● DATASET:
▼
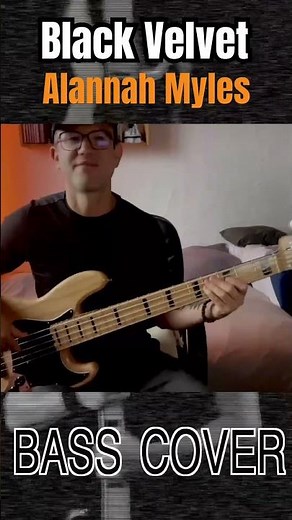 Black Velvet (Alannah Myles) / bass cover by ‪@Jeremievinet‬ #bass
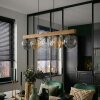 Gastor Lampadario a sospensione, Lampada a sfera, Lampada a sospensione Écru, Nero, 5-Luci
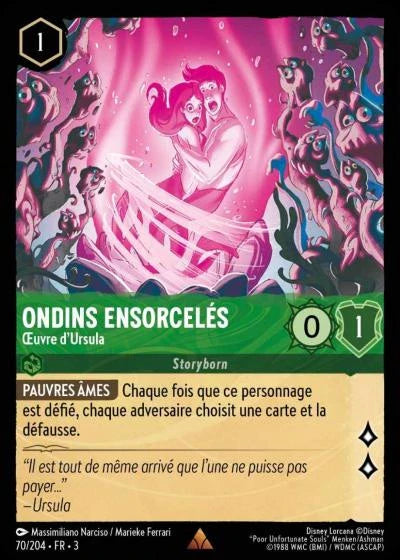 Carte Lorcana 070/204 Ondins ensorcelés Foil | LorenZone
▲
▼
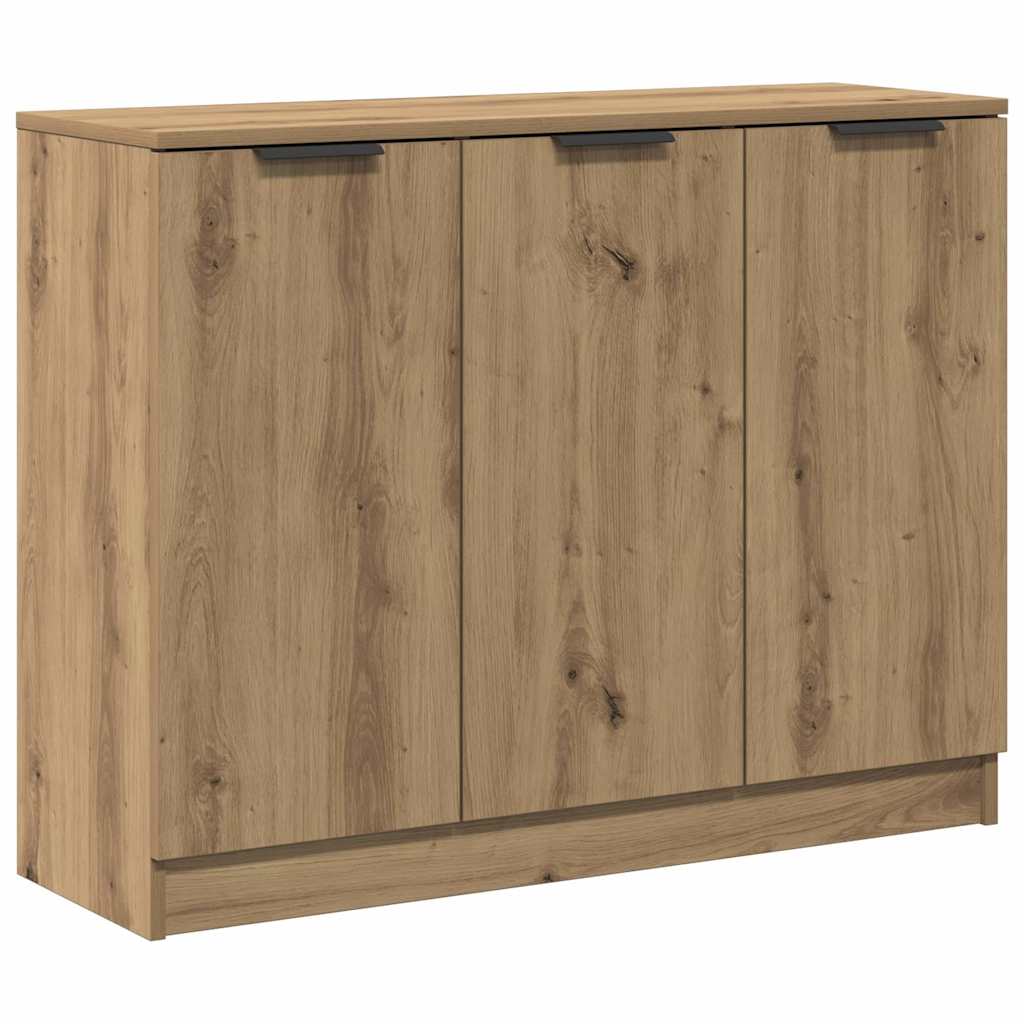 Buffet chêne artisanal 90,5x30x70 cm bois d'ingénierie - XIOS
▲
▼
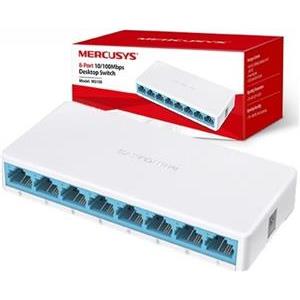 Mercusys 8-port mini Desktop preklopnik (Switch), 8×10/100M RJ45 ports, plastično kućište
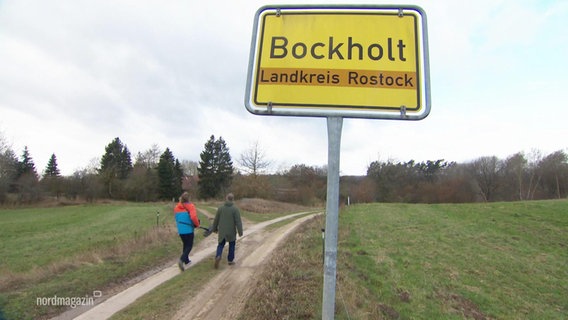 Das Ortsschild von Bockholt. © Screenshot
▲
● REQUIRED ACTION: Starting with the line that contains "Gastor Lampadario a" and finishing with the line that contains "Carte Lorcana 070/204", reproduce every line of the material above exactly, but not the pictures.

● YOUR RESPONSE:
 Gastor Lampadario a sospensione, Lampada a sfera, Lampada a sospensione Écru, Nero, 5-Luci
 Carte Lorcana 070/204 Ondins ensorcelés Foil | LorenZone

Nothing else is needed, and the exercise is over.